The Matrix Resurrections (2021)

Rating: C-

Dir: Lana Wachowski
Star: Keanu Reeves, Jessica Henwick, Carrie-Anne Moss, Yahya Abdul-Mateen II

At the end of the film, a crappy cover version by a female singer of a Rage Against the Machine song plays. A more appropriate metaphor for the movie would be hard to find. Well, maybe not. Turns out, the band responsible became notorious a few weeks back, when the lead singer pissed on a fan during a live performance of the same song. That may be an even more appropriate parallel.

22 years since the Wachowski Brothers Siblings Sisters revolutionized cinema. Their career arc since has been almost relentlessly down, though I speak as someone who liked Matrix Revolutions much more than most. But their stuff after the trilogy? Eek. Speed Racer is the biggest-budget film I’ve turned off in the middle, and nothing else I’ve seen convinced me The Matrix wasn’t a fluke. But maybe going back to their roots would reignite the amazing creative spark demonstrated by the original? For about 30 minutes here, it seemed it might work. It was almost a reboot, with Thomas Anderson (Reeves) now the world’s top game designer, who had created The Matrix. Or had it created him? Once more, he must choose between blue and red pills, and up to that point, the sense of queasy uncertainty about reality is beautifully balanced, along with some jabs at interpretations of the first movie.
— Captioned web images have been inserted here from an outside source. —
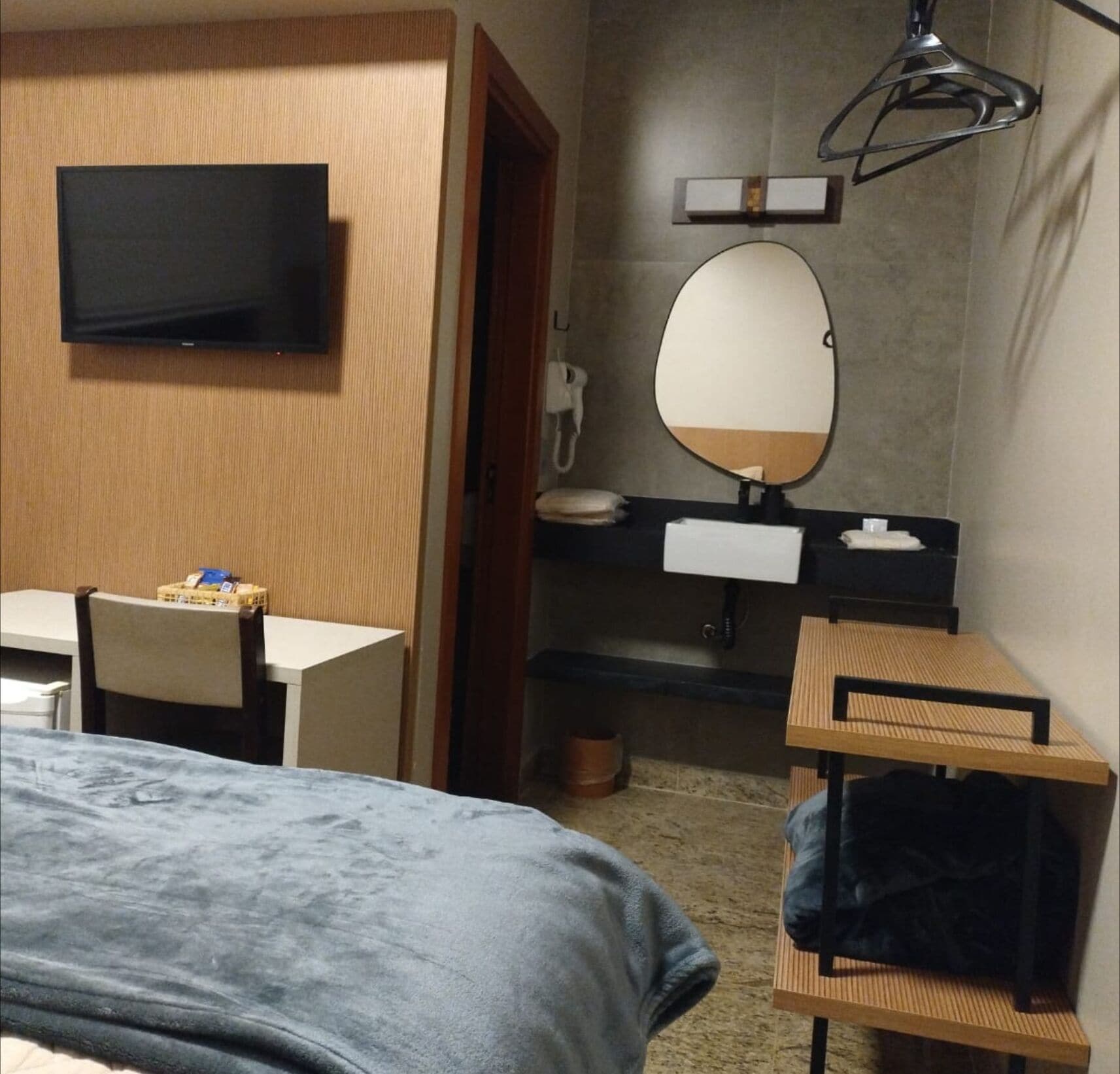 Habitación de hotel con cama, escritorio, televisor, espejo, lavamanos y perchero.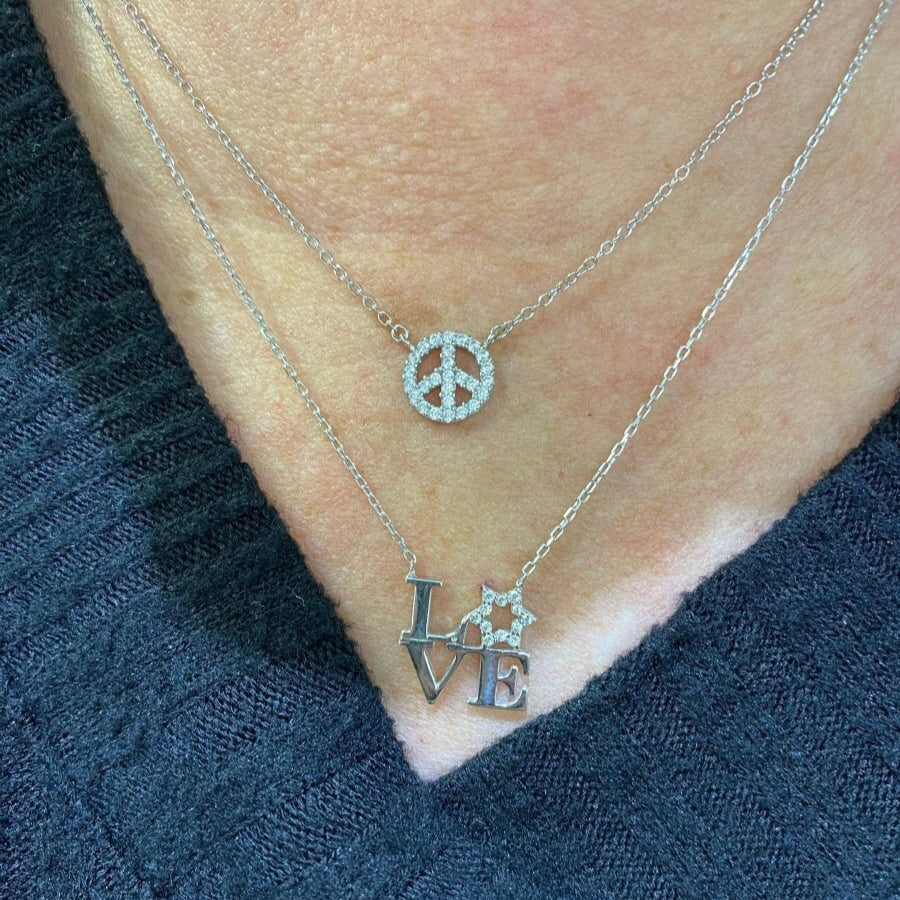 A sparkling sterling silver love letter necklace featuring L V E with a Star of David as the O, adjustable from 16" to 18".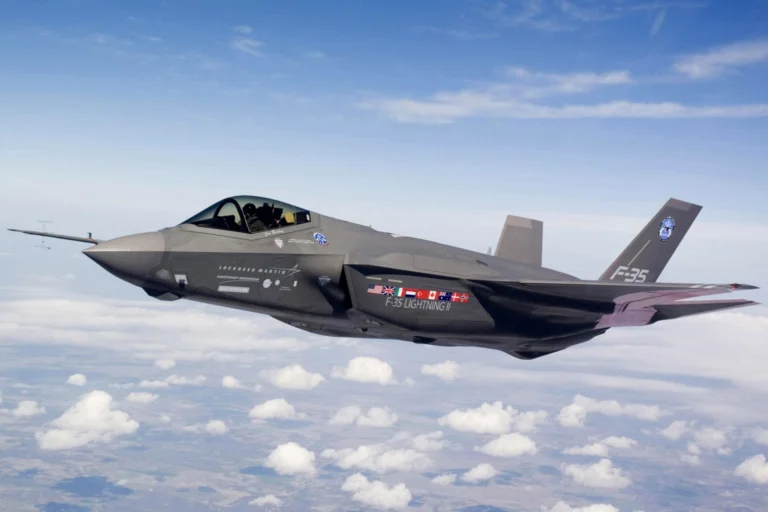 Grey F 35 Lightning II fighter jet in flight above a sea of white clouds nose to the left and cockpit canopy visible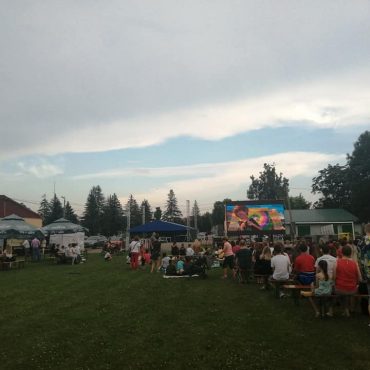 Znaczna grupa osób uczestnicząca w zabawie na stadionie.
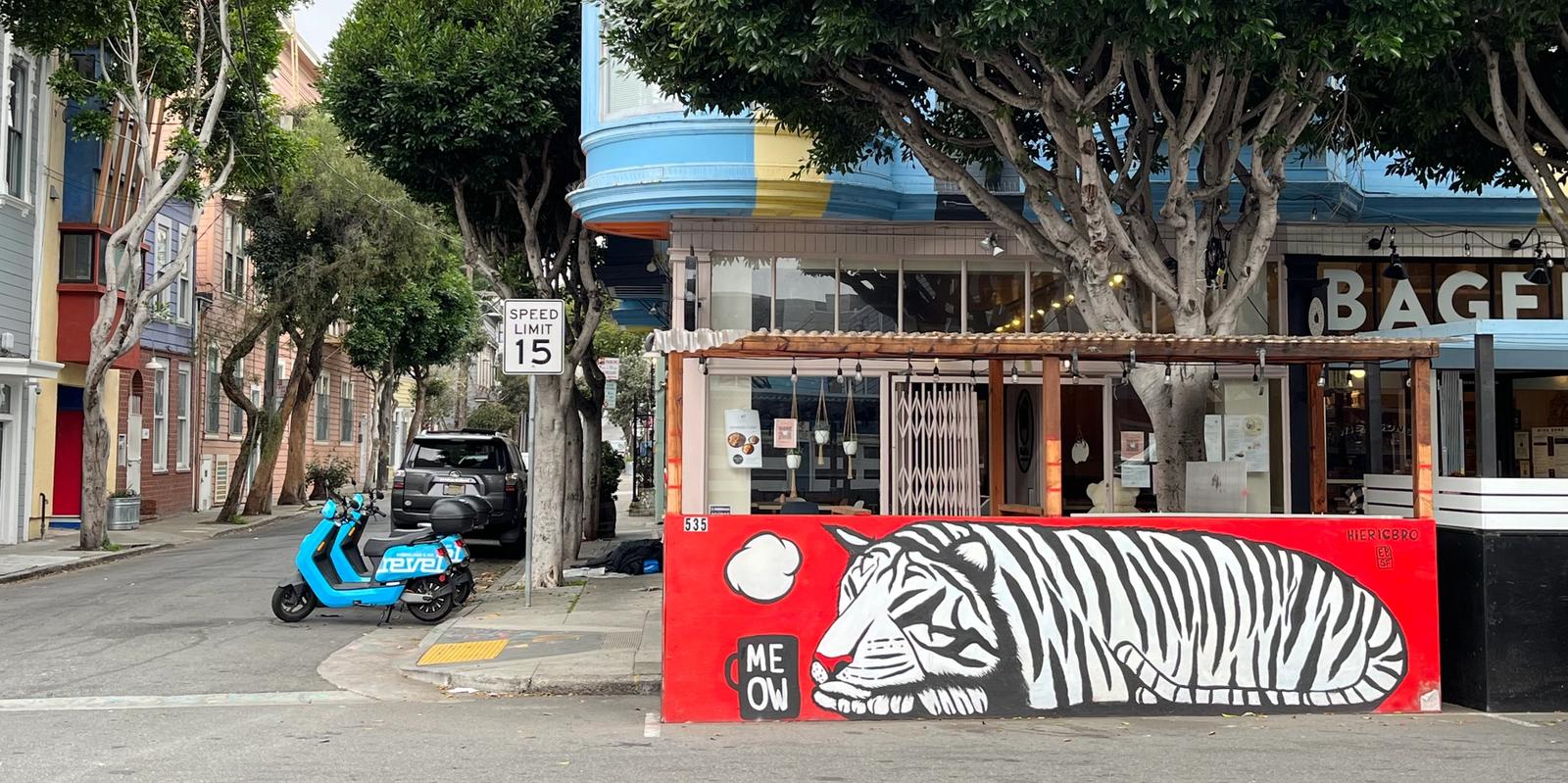 graffiti of a sleeping black and white tiger on a red background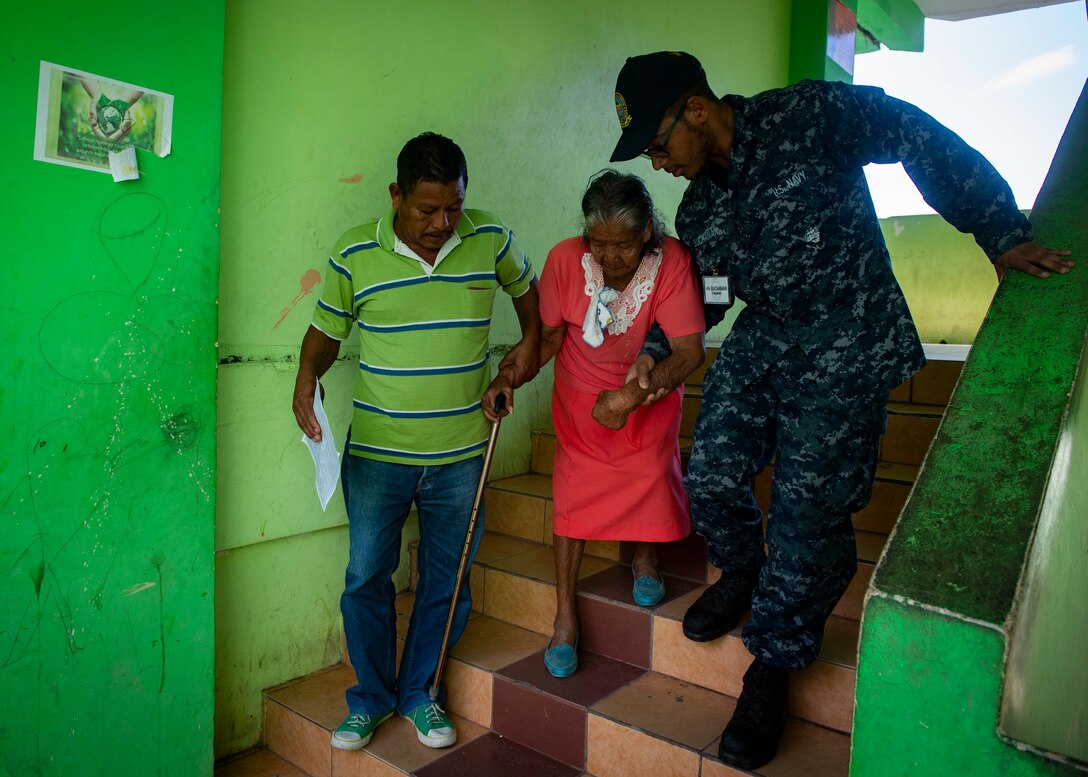 A U.S. Navy Hospitalman helps a patient down the stairs.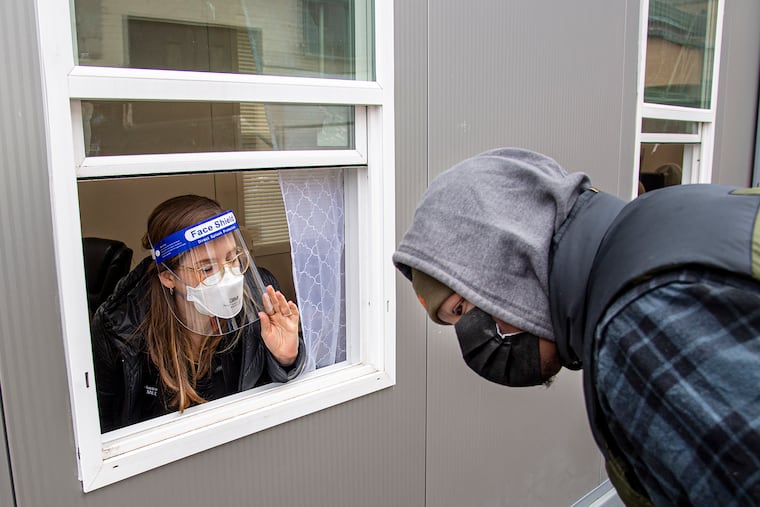 Jill Gansert administers a free COVID-19 rapid test inside a trailer on Wednesday at the Sayre Health Center COVID Testing Site (in schoolyard of Sayre High School) in Philadelphia High School.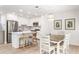 Modern kitchen features white cabinets, stainless steel appliances, and a breakfast bar with wooden stools at 1355 Dunlin Ct # Share D, Kiawah Island, SC 29455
But he should have taken the blue pill, because everything thereafter goes increasingly wrong. Most painfully, the action is shitty, generic and very obviously not choreographed by Yuen Woo-Ping. Poor personnel choices include recasting Agent Smith and Morpheus (Abdul-Mateen II – presumably to avoid confusion with all the other Yahya Abdul-Mateens out there), even though the latter in particular is entirely irrelevant. Just because you say “I am Morpheus” doesn’t mean you are Morpheus, any more than saying “I am a woman,” makes you a woman… Turning the Merovingian into Hipster Hobo. Bringing Niobe back with Jada Pinkett-Smith in flaky aging make-up. Reducing Neo’s abilities to little more than an occasional force push. At points, it feels as if the makers went “What would be the worst possible decision?”, and went with it.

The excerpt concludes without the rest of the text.